• _TASK_
Skip pictures in the listing below; copy exactly the lines from the one with "Ceai de Fructe" through the one with "741 Fulton Street - Photo 1", inclusive.

• _DATA PROVIDED_
[Start of section]

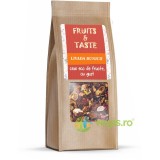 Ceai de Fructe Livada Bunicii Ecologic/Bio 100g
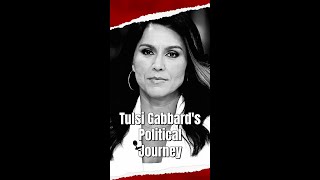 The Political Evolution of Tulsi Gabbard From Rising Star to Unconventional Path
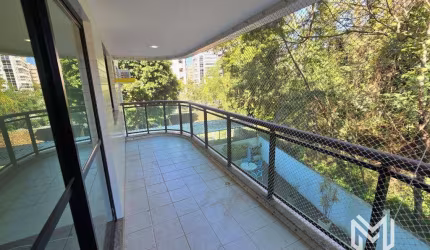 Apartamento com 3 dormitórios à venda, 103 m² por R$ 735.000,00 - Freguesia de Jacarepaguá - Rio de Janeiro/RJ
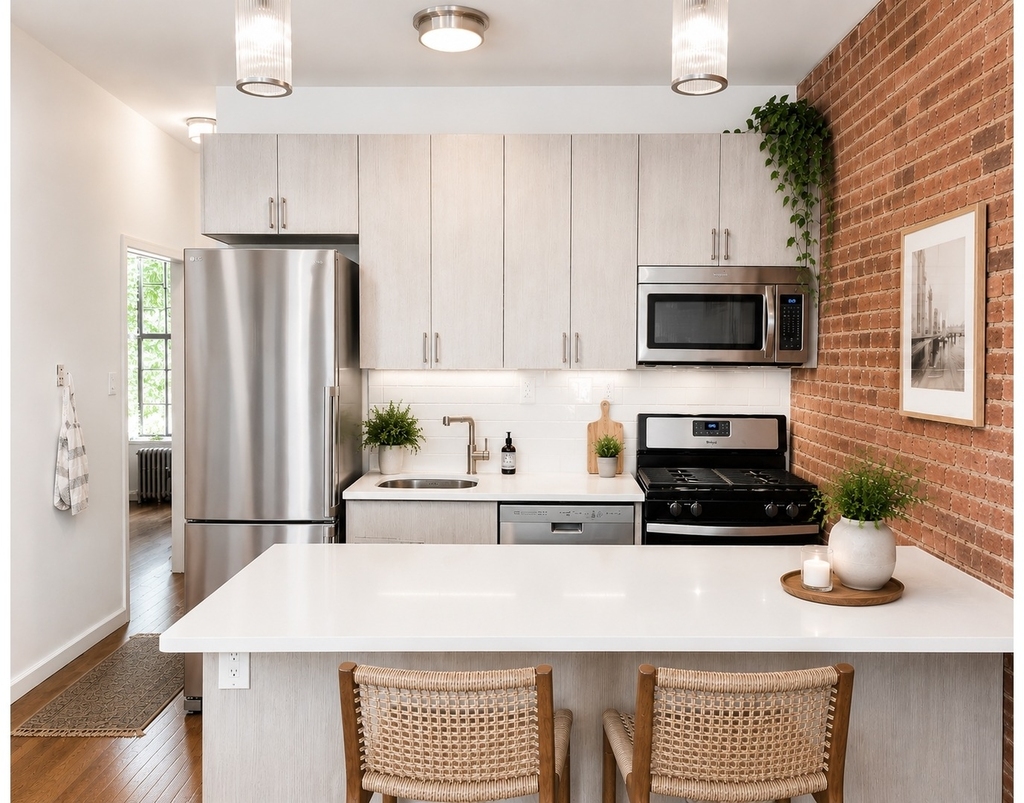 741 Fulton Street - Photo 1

[End of section]
[Start of section]

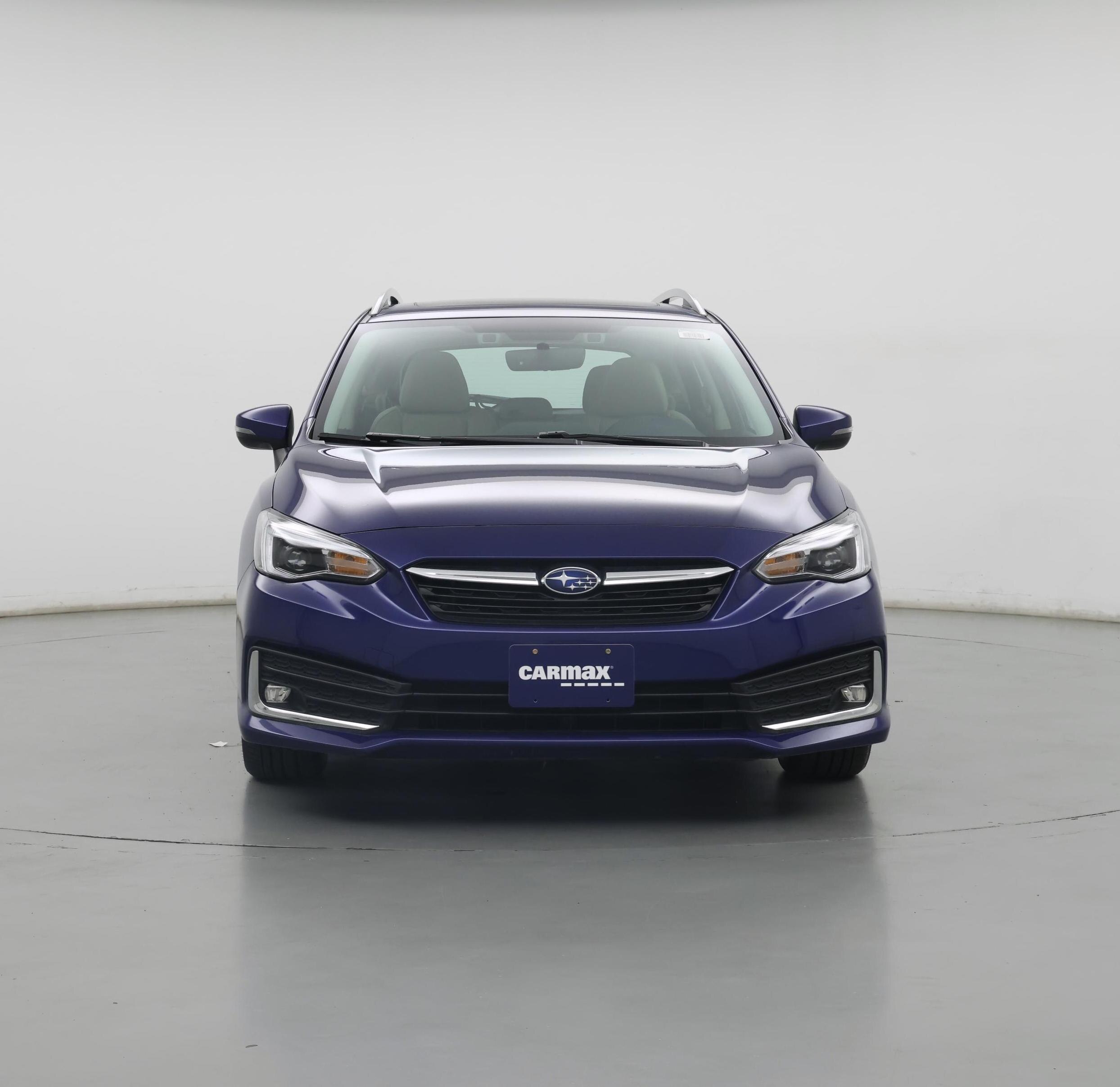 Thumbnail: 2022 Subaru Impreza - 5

[End of section]

• _ANSWER FOR THE TASK_
 Ceai de Fructe Livada Bunicii Ecologic/Bio 100g
 The Political Evolution of Tulsi Gabbard From Rising Star to Unconventional Path
 Apartamento com 3 dormitórios à venda, 103 m² por R$ 735.000,00 - Freguesia de Jacarepaguá - Rio de Janeiro/RJ
 741 Fulton Street - Photo 1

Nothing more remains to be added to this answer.